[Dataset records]

============

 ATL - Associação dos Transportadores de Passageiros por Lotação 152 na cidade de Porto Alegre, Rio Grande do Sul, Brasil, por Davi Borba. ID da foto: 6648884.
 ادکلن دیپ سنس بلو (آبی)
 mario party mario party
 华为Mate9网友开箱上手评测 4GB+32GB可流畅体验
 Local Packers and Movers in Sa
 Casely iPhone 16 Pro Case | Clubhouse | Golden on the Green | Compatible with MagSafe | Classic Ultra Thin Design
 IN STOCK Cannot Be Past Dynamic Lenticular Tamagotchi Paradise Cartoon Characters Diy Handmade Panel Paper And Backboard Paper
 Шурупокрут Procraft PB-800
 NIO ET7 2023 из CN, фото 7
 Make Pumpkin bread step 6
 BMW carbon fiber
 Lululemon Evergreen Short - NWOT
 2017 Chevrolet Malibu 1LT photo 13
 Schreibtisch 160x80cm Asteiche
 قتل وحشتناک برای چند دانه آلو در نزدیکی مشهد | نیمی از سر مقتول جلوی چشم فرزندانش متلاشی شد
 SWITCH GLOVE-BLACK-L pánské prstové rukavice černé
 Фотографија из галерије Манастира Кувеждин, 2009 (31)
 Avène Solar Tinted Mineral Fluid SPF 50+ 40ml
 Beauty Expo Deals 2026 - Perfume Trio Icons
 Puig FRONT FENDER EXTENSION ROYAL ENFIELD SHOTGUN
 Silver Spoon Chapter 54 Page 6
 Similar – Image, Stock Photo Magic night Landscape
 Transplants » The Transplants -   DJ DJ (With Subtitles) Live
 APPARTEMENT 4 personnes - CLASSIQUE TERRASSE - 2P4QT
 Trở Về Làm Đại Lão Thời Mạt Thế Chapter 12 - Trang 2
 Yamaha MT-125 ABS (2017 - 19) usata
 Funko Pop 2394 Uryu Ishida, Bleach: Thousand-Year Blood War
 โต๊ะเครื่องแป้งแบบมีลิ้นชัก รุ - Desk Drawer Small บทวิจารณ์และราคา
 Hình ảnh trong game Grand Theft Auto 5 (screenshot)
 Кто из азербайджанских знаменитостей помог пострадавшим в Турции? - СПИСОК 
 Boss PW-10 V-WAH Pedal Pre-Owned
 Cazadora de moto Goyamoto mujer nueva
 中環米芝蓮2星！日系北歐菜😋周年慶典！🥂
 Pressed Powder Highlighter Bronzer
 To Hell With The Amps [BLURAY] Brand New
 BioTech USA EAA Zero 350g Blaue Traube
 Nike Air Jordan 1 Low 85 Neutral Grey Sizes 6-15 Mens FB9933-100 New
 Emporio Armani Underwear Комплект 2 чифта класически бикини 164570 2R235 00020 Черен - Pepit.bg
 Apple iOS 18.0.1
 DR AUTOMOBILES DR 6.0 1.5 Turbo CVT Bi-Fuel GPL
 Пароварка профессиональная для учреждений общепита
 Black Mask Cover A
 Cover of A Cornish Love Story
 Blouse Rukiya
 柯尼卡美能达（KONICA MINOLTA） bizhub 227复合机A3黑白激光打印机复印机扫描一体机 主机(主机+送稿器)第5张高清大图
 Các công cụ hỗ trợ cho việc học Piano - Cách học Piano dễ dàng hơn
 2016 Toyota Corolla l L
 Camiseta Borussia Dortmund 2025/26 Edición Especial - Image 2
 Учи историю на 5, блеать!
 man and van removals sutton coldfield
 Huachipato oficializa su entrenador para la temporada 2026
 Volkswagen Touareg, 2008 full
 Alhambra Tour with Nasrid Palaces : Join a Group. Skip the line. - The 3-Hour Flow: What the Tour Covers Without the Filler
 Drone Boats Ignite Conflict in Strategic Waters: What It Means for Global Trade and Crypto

============

[Description of the task]:
The records above must be repeated exactly, in their entirety.

[Exercise solution]:
 ATL - Associação dos Transportadores de Passageiros por Lotação 152 na cidade de Porto Alegre, Rio Grande do Sul, Brasil, por Davi Borba. ID da foto: 6648884.
 ادکلن دیپ سنس بلو (آبی)
 mario party mario party
 华为Mate9网友开箱上手评测 4GB+32GB可流畅体验
 Local Packers and Movers in Sa
 Casely iPhone 16 Pro Case | Clubhouse | Golden on the Green | Compatible with MagSafe | Classic Ultra Thin Design
 IN STOCK Cannot Be Past Dynamic Lenticular Tamagotchi Paradise Cartoon Characters Diy Handmade Panel Paper And Backboard Paper
 Шурупокрут Procraft PB-800
 NIO ET7 2023 из CN, фото 7
 Make Pumpkin bread step 6
 BMW carbon fiber
 Lululemon Evergreen Short - NWOT
 2017 Chevrolet Malibu 1LT photo 13
 Schreibtisch 160x80cm Asteiche
 قتل وحشتناک برای چند دانه آلو در نزدیکی مشهد | نیمی از سر مقتول جلوی چشم فرزندانش متلاشی شد
 SWITCH GLOVE-BLACK-L pánské prstové rukavice černé
 Фотографија из галерије Манастира Кувеждин, 2009 (31)
 Avène Solar Tinted Mineral Fluid SPF 50+ 40ml
 Beauty Expo Deals 2026 - Perfume Trio Icons
 Puig FRONT FENDER EXTENSION ROYAL ENFIELD SHOTGUN
 Silver Spoon Chapter 54 Page 6
 Similar – Image, Stock Photo Magic night Landscape
 Transplants » The Transplants -   DJ DJ (With Subtitles) Live
 APPARTEMENT 4 personnes - CLASSIQUE TERRASSE - 2P4QT
 Trở Về Làm Đại Lão Thời Mạt Thế Chapter 12 - Trang 2
 Yamaha MT-125 ABS (2017 - 19) usata
 Funko Pop 2394 Uryu Ishida, Bleach: Thousand-Year Blood War
 โต๊ะเครื่องแป้งแบบมีลิ้นชัก รุ - Desk Drawer Small บทวิจารณ์และราคา
 Hình ảnh trong game Grand Theft Auto 5 (screenshot)
 Кто из азербайджанских знаменитостей помог пострадавшим в Турции? - СПИСОК 
 Boss PW-10 V-WAH Pedal Pre-Owned
 Cazadora de moto Goyamoto mujer nueva
 中環米芝蓮2星！日系北歐菜😋周年慶典！🥂
 Pressed Powder Highlighter Bronzer
 To Hell With The Amps [BLURAY] Brand New
 BioTech USA EAA Zero 350g Blaue Traube
 Nike Air Jordan 1 Low 85 Neutral Grey Sizes 6-15 Mens FB9933-100 New
 Emporio Armani Underwear Комплект 2 чифта класически бикини 164570 2R235 00020 Черен - Pepit.bg
 Apple iOS 18.0.1
 DR AUTOMOBILES DR 6.0 1.5 Turbo CVT Bi-Fuel GPL
 Пароварка профессиональная для учреждений общепита
 Black Mask Cover A
 Cover of A Cornish Love Story
 Blouse Rukiya
 柯尼卡美能达（KONICA MINOLTA） bizhub 227复合机A3黑白激光打印机复印机扫描一体机 主机(主机+送稿器)第5张高清大图
 Các công cụ hỗ trợ cho việc học Piano - Cách học Piano dễ dàng hơn
 2016 Toyota Corolla l L
 Camiseta Borussia Dortmund 2025/26 Edición Especial - Image 2
 Учи историю на 5, блеать!
 man and van removals sutton coldfield
 Huachipato oficializa su entrenador para la temporada 2026
 Volkswagen Touareg, 2008 full
 Alhambra Tour with Nasrid Palaces : Join a Group. Skip the line. - The 3-Hour Flow: What the Tour Covers Without the Filler
 Drone Boats Ignite Conflict in Strategic Waters: What It Means for Global Trade and Crypto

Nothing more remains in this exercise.